Soy madrileño porque nací en la Sierra de Madrid. Soy más madrileño porque desde chico me trajeron a esta capital que olía a carbón de trenes, a tubos de escape y a largas, exhaustivas y redobladas jornadas de trabajo. Cambiar los valles de montaña por las calles llenas de zanjas abiertas para meter tuberías de gas, luz, agua, podía parecer un signo de gran modernidad, pero que conllevaba inevitables y altos costes personales.
Español no sé si soy, la verdad es que me siento más ibérico que español, algo así como parte ínfima de una gran Federación Ibérica, esa misma en la que creía Saramago y de la que han hablado de vez en cuando desde Pi y Margall a Unamuno, o desde Menéndez Pelayo a Oliveira Martins en Portugal.

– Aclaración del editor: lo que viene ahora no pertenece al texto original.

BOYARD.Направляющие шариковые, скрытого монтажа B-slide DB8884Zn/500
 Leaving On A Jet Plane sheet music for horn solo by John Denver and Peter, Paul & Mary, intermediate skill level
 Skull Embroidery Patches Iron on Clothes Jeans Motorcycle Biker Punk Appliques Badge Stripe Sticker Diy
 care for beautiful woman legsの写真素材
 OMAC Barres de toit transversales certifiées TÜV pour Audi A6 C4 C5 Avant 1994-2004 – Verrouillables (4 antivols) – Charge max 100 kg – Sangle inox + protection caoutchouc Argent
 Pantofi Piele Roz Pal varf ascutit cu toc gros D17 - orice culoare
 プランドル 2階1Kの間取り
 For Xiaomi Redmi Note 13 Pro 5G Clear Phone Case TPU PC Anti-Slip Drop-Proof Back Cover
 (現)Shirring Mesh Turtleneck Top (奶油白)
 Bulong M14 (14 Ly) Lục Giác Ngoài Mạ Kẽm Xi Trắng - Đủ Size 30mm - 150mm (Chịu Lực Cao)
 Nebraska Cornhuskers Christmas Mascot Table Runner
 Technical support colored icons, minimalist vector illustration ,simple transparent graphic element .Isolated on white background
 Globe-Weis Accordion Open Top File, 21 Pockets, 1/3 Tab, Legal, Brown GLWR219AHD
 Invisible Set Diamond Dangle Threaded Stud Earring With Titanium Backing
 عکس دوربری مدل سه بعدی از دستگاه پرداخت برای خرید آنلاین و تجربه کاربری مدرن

Conviene recordar que Francesc Maciá proclamó unilateralmente la Republica Catalana en el marco de las Repúblicas Ibéricas. Los anarquistas siempre concibieron una Federación Anarquista Ibérica y hasta Primo de Rivera (el hijo, José Antonio, no el padre, el dictador Miguel), soñaba con una península con una sola bandera, la catalana, una sola capital, Lisboa y un solo idioma, el castellano. Un poco disparatado, pero Iberia al fin (falangista, eso sí).